In the end, I think the integration of ML into deductive social science is inevitable. The only remaining question is whether or not we do the meta-theoretical work to ensure that the use of ML produces reliable and cumulative scientific insights. If we don’t, I think it will be disastrous for social science. If we do, I think ML will transform the social sciences for the better.
In the chapter I spell this all out a lot more thoughtfully, provide examples of folks already deductively testing predictability hypotheses, and derive some additional methodological implications for testing predictability hypotheses using observational data.
In other words, if x and y strongly correspond to the theoretical construct of interest (big “if”) and there is a plausible null to refute the predictability hypothesis, machine learning can be incredibly valuable for deductive social science. In fact, when testing a statement of the form “x effects y”, it may be IRRESPONSIBLE to restrict yourself to OLS and other “interpretable” models.
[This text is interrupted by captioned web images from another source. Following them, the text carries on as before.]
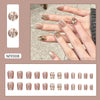 12 Sizes-24 Pcs Press On Nails MY008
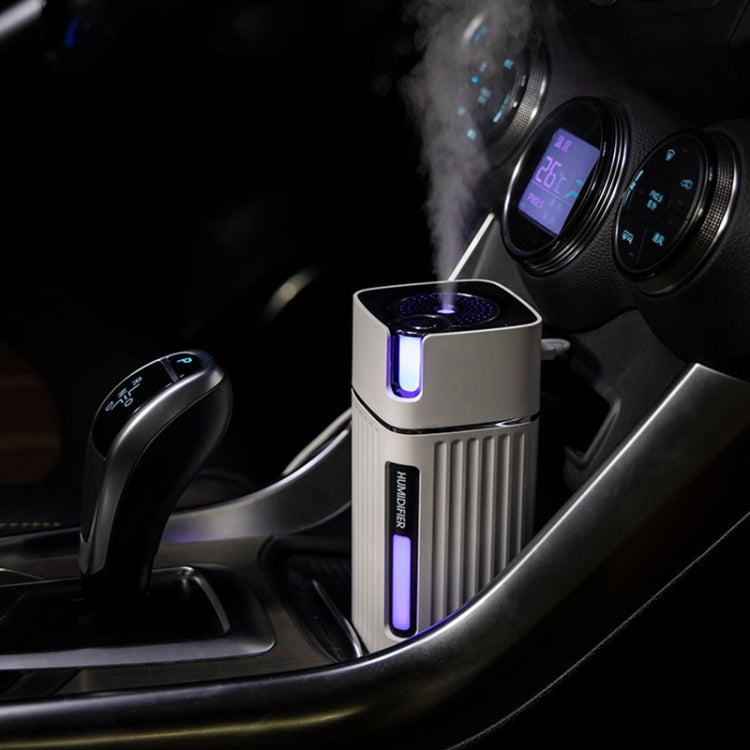 Humidifier USB Office Home Car Mute Portable Colorful Air Purifier, Colorful Air Purifier Blue, Colorful Air Purifier Pink, Colorful Air Purifier White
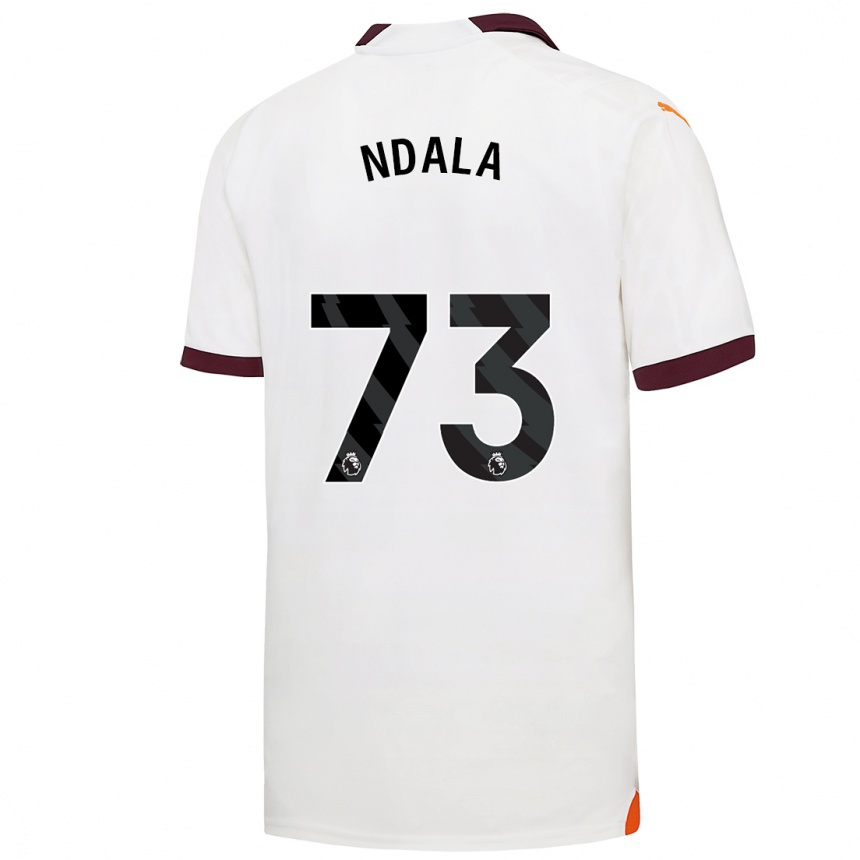 Niño Fútbol Camiseta Joel Ndala #73 Blanco 2ª Equipación 2023/24 Perú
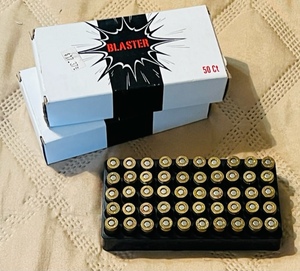 lot 30 image: 2 Blaster 50ct Boxes of Ammo for .380 Auto 100GR Nickel - 93 Total Rounds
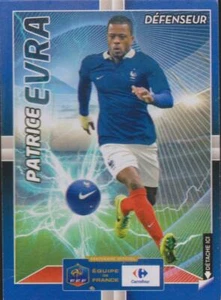 FUSSBALL KARTE 3D Blau - Collector Carrefour - 2014 Patrice Evra 6/24 - Bild 1 von 1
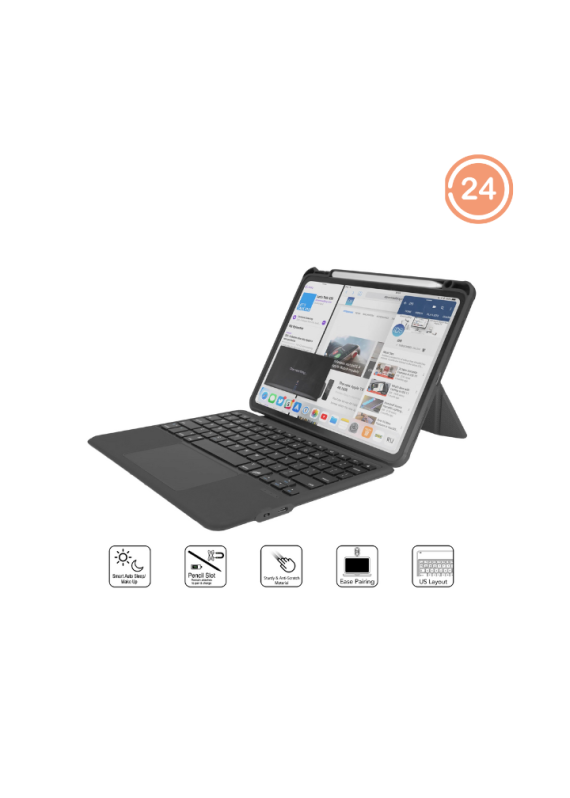 iPad Air 10.9/iPad Pro 11/iPad Pro 12.9鍵盤 + 保護套 (2in1)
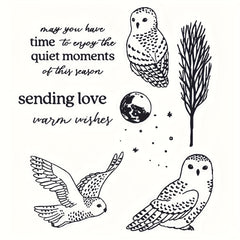 Owl Metal Cutting Dies And Stamps For Scrapbooking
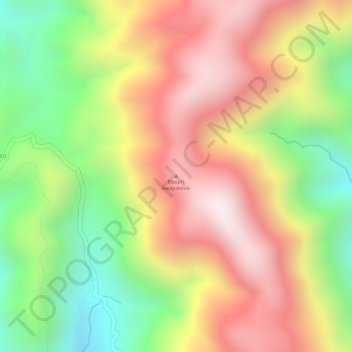 Mappa topografica Mount Awapanniki, altitudine, rilievo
That means that if you a priori refuse to use an estimator that is more complex than OLS or ANOVA, you will often not estimate this optimal f() and generate a lot of Type II errors—you won’t find support for a predictability hypothesis that is in fact true.
Now, importantly, when you’re testing a predictability hypothesis on observational data, ML models may be the most appropriate tool for the job. The key intuition is that you want to estimate the f() that generates the most accurate predictions of y from x, just like how we would want the best-fitting b from an OLS model.
Similar to how our typical social science theory was agnostic to the exaxt value of b above, many theories don’t really care what the specific f() is—just that there exists some f() that consistently maps x to y. I call these “x effects y” claims “predictability hypotheses”.
There are theories that are even less specific than “x increases/decreases y”. Take the Sapir-Whorf thesis or either side of the nature/nurture debate. These and many other theories in the social sciences imply what you might describe as an “x effects y” relationship. In this case, I argue that we can use any old estimator to find a mapping between x and y such that “y = f(x)”.